There are all kinds of reasons why someone might decide to get dental crowns. Perhaps there are health issues involved. A crown may be needed to help a damaged tooth work with its surrounding teeth to chew. Or maybe it’s purely a cosmetic situation and you want crowns to feel more confident about your smile. Crowns are commonly used to cover up a teeth that are badly discolored.
Whatever your reasons, there are all kinds of benefits to getting crowns for your teeth. If you’re trying to decide whether or not to go through with the procedure, understanding how the process works can help you to make your decision.
So, what exactly happens when you decide to get a crown or crowns?
At the First Appointment
Step one, obviously, is to contact your dentist and set up an appointment. At that appointment, your dentist will begin by walking you through the procedure and telling you how crowns can help to restore your smile.
Depending on the dentist, your crowns may be made out of different materials, including porcelain or ceramic.
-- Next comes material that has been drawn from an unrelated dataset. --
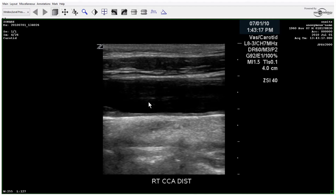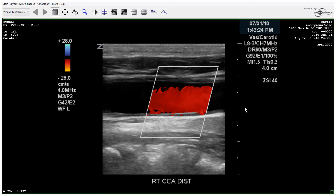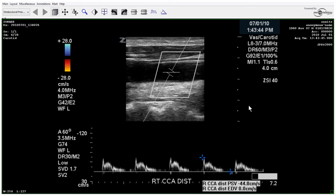Here's again the distal CCA. We could clean this up to get rid of the echoes within the lumen — you can see that is definitely artifact as the color fills the lumen almost entirely. We could probably turn the gain up slightly or decrease the PRF to make that fill. Look at this waveform again — we have an abnormal waveform.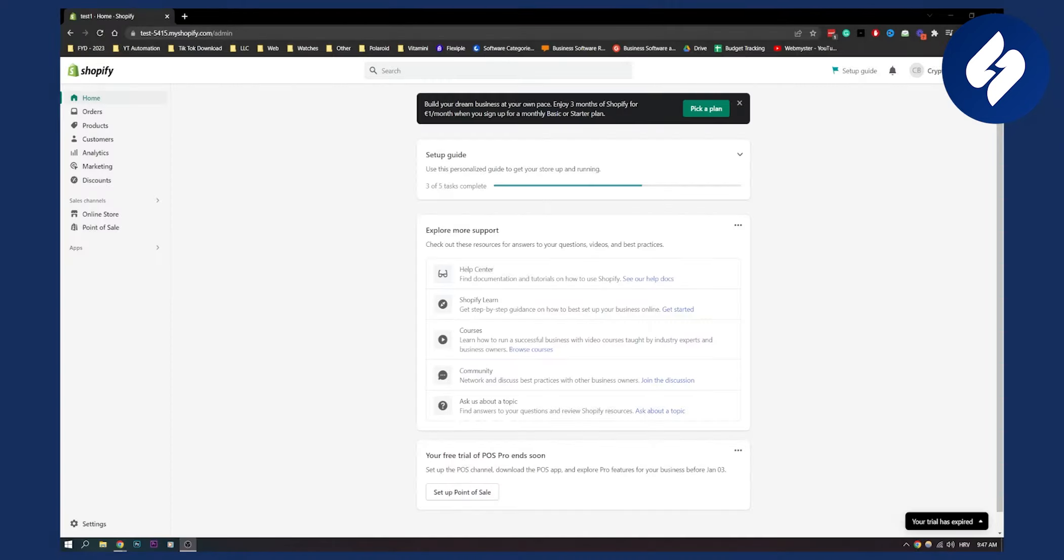As you know, legal name is basically your name of the business, the legal name of your business. Now let's get started.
Be sure to research the best material for the crowns that you need, and discuss your preferences with your dentist.
Also during the initial appointment, your dentist will look at the teeth that need to be covered, and may offer alternative options, including bridges or dental implants.
Molds and Temporary Crowns
After you and your dentist decide to move forward with the process, it still takes another appointment or two for the crowns to be installed. The dentist first needs to shape the tooth so that it can properly fit a crown over it.
Your tooth may be filed down. If it’s chipped or damaged, the tooth may also be filled in. Impressions are then made to be sent to a lab so the crown can be constructed.
It will take a few weeks to build the permanent crown, so in the meantime, your dentist will provide you with a temporary crown. The temporary crown is made to briefly protect the affected tooth and help it function until the permanent crown is installed.
Permanent Crown Installed
Once the permanent crown is built, it can be attached to your tooth. Often, a local anesthetic will be applied to the gums around the tooth in order to eliminate pain while the crown is installed.
Either way, you may feel some discomfort while the crown is applied. During the procedure, the temporary crown is removed and replaced with the permanent crown.
The dentist will then apply a strong adhesive to the permanent crown, and use light technology to quickly dry the adhesive.
After the Crown
After the permanent crown is installed, you will be free to go, but this doesn’t mean the process is entirely over. It will take some time to adjust to your new crown: if the nerve is still present, you may feel sensitivity to cold or hot foods, your bite may feel strange, or other issues may make themselves known. After a while, however, you will get used to the crown and your improved bite.
Take care of crowns like you would any other tooth. While the crown itself will not decay or lose its color, it is still attached to an exposed gum and gum line. Make sure you brush and floss like normal. Your dentist may recommend a toothpaste with more fluoride in order to prevent cavities.
It’s also important to know that crowns sometimes chip or fall out. If this happens to you, simply contact your dentist. Re-attaching the crown, or fixing the chip, is an easy fix.